[dc]A[/dc]s technology invades our lives and covers every facet of working, playing, learning and more, we as a culture will need to adjust and find balance so as to not get so lost in the digital world that we lose ourselves. We hear frequently about parents desiring to get their kids to shut off the video-game systems and go outside and play. Go out in public to restaurants, coffee shops and malls, and you see people fixated on their screens.
There is nothing wrong with embracing technological advances, however, I think we need to be aware of something important as a digital society. I fear that we may slowly lose the ability to be fully present in a moment or situation.
I noticed this about myself a few years ago while I was on my computer checking e-mail and responding to “important” work stuff. As I was sitting there fully immersed in my screen, one of my daughters was trying to get my attention. I’m not sure how long it took, but I think she had to say, “Daddy! Daddy! Daddy!” about four or five times. I recognized that it should not take me that long to respond, and, more importantly, my eyes were open to the reality that often I was not fully present in many important situations. We are allowing digital distractions to interfere with important moments.
Since then, I have worked to retrain myself to be more fully present when engaging in conversations with my family, friends and colleagues. And I’m resisting the urge to constantly look at my phone to see if I have new e-mail, check Twitter or Facebook or do something that would send a signal to the person across from me that they don’t matter as much as something on my digital device.

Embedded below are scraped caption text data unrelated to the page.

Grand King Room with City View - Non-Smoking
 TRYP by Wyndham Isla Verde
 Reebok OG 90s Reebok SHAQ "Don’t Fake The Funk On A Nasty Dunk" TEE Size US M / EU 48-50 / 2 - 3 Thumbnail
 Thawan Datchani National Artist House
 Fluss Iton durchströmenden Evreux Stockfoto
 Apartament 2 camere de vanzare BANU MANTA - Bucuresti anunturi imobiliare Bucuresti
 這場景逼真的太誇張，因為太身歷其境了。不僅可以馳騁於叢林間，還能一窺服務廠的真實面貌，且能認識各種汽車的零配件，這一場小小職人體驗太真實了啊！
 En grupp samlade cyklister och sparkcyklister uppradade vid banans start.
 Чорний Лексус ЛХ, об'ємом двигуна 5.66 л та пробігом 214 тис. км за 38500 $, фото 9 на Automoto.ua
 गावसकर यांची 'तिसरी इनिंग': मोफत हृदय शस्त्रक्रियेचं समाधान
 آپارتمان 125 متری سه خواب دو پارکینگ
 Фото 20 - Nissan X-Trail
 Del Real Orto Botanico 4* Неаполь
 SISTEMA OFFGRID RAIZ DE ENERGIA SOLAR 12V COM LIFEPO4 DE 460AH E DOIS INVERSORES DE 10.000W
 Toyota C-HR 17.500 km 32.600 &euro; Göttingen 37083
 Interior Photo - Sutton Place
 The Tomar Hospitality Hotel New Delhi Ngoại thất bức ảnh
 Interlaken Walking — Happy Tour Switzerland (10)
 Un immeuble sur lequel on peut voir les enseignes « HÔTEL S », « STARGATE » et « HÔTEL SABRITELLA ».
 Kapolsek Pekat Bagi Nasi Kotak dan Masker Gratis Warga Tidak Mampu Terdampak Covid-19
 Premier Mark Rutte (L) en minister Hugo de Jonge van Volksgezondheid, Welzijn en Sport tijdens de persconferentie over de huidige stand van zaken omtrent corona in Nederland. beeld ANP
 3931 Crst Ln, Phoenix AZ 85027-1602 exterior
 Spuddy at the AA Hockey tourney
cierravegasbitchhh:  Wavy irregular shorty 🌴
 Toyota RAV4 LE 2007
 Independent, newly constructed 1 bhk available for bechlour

Perhaps this is not a problem everyone struggles with, but I am noticing it more and more with young people. I grew up with technology and have little or no recollection of life without a game system or personal computer. I am in my mid-30s and the digital devices I grew up with are light-years different from the ones my kids are growing up with, but the point remains that growing up digital leads to some of the tendencies I am noticing. There’s a lack of ability to be fully present.
I especially notice this problem being rampant where I live and work in Silicon Valley. Just the other day I was observing at a restaurant in Palo Alto, Calif., that’s popular for many business-lunch meetings that most, if not all, of those engaging with other humans were also equally engaged in their digital devices. I watched three different tables and in a time period of 15 minutes, every person at every one of those tables averaged checking their smart phones and responding to something at least three times.
This is clearly just becoming something that is socially acceptable. In a meeting or conversation, it’s now O.K. to turn our attention and be as equally engaged with a smart phone as we are with the person across from us. In fact it is not just O.K. it is normal and in some places expected. We are, after all, a multitasking generation.
In fact, an interesting thread comes up in some of our firm’s consumer interviews that are focused around computing. Very often, the desire to multitask and be engaged with multiple things at one time is a common one when it comes to computing products.
We are becoming not just comfortable with multitasking but we are also becoming experts at it. Multitasking extends from multiple tasks on a single screen to multiple tasks divided to multiple screens. More common in many households in developed countries is the use of a second screen while watching TV. Whether it is a tablet, smart phone or notebook, we are now engaging with multiple tasks on multiple screens, often at the same time. It is not possible for our attention to be divided across multiple tasks and multiple screens–at the same time. I’m guessing that the prior generation may have considered this too much to handle. We are becoming experts in multitasking, but I think it’s time we learn again how to single-task in certain situations and contexts, namely during engagements with human beings.
I am working to do this and I hope to bring my kids up with a heightened awareness of how and when it is important to exercise single-tasking — the importance of being present and engaged in a moment. Relationally, this is a key skill I’d love to see reacquired by the digital generation.
It will not be easy. Screen media competes for our attention and will continue to do so many times during our days. I’d love to see companies like Apple, Microsoft and Google even try to help turn this trend around — perhaps by offering technology like Apple’s Do Not Disturb feature to automatically kick in when I am in a meeting or when I get home.
There is a time and place for technology, but there is also a time and place to be present in the real world. If we can’t recapture the ability to be present, we may find that digital distractions cause life to pass us by.